# [Data for review]
- - - - - - -

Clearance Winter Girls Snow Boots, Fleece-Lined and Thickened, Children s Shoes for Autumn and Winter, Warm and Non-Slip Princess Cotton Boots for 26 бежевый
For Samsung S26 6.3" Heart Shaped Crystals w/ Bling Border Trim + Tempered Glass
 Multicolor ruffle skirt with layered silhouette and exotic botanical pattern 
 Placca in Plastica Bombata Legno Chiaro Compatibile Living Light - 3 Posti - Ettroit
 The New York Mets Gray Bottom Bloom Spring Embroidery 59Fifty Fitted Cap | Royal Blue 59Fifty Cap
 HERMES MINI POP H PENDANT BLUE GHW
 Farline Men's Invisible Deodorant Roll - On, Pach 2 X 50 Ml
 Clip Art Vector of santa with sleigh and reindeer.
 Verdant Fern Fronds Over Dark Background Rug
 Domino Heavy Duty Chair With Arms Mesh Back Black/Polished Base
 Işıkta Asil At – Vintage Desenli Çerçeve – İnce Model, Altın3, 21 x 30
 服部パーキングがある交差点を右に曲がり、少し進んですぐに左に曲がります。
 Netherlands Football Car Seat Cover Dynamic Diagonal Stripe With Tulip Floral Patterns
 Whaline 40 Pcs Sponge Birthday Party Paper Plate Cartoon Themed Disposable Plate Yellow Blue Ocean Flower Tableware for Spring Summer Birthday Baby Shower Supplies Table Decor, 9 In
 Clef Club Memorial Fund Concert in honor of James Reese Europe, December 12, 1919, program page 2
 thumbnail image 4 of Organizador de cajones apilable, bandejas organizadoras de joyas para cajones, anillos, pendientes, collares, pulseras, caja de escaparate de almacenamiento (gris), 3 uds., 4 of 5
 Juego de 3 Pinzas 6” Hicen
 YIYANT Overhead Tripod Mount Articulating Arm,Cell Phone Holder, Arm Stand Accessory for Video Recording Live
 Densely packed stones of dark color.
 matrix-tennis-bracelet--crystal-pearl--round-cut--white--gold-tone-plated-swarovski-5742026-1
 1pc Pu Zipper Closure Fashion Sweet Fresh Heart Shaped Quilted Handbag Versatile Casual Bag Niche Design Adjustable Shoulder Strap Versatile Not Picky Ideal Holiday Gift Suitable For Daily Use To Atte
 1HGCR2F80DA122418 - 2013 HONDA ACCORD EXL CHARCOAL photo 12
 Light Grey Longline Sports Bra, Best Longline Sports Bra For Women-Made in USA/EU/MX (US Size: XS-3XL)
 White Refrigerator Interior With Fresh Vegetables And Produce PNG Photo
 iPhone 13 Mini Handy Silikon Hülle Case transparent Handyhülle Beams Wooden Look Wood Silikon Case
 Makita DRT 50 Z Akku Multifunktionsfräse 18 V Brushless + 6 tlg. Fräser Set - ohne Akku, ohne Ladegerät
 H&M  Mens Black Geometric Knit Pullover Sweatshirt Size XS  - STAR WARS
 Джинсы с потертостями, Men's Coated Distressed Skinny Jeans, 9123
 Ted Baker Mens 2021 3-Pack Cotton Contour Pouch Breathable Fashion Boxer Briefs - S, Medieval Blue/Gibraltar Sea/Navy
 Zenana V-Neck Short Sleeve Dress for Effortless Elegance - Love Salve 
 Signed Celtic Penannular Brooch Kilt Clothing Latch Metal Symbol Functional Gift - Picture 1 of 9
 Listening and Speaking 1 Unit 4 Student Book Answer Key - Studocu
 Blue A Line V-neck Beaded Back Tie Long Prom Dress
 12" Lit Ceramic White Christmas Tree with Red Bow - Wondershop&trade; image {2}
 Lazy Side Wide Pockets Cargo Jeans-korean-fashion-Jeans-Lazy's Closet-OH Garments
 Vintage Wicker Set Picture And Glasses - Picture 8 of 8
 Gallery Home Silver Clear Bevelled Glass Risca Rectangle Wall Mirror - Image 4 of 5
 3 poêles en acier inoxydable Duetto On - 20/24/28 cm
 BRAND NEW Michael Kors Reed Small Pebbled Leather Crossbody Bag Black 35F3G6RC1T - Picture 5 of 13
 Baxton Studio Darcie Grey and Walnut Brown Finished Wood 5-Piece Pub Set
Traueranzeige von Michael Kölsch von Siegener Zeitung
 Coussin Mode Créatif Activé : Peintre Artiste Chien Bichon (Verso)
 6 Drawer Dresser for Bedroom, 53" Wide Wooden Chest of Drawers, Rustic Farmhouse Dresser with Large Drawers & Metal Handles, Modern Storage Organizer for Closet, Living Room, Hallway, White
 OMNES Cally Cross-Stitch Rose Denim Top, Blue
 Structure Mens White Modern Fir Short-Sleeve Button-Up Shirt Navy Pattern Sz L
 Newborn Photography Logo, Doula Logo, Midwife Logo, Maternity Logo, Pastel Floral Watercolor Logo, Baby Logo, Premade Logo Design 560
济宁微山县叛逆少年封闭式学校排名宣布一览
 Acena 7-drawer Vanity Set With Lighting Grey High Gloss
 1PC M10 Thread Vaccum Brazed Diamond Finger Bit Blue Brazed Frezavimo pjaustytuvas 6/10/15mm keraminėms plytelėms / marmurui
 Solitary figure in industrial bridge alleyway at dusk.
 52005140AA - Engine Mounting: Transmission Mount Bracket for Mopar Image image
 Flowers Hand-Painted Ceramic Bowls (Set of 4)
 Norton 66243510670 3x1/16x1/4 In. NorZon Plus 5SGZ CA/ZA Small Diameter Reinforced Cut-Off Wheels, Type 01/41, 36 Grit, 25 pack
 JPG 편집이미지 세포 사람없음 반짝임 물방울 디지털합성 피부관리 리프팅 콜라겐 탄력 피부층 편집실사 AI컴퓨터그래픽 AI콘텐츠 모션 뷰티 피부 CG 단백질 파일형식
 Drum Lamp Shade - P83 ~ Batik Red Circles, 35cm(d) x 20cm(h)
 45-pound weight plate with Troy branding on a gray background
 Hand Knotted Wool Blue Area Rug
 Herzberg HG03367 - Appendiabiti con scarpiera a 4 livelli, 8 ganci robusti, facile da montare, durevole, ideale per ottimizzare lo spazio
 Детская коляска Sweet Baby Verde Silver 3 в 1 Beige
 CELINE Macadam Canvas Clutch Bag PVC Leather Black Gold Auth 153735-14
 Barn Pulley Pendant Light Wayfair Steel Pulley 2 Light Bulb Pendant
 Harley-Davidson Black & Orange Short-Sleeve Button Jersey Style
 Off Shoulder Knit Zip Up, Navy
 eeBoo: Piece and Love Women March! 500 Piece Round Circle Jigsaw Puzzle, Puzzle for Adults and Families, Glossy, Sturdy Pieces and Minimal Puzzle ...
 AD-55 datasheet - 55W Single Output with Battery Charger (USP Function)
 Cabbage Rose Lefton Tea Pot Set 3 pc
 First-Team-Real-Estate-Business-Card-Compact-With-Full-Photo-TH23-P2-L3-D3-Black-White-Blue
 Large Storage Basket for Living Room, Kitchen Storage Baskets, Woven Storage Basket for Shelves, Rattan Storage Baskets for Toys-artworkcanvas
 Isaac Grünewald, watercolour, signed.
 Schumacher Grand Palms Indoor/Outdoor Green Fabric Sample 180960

- - - - - - -

# [Work item]
The expected answer is every line above in which the word "Wooden" appears.

# [Response for this exercise]
 iPhone 13 Mini Handy Silikon Hülle Case transparent Handyhülle Beams Wooden Look Wood Silikon Case
 6 Drawer Dresser for Bedroom, 53" Wide Wooden Chest of Drawers, Rustic Farmhouse Dresser with Large Drawers & Metal Handles, Modern Storage Organizer for Closet, Living Room, Hallway, White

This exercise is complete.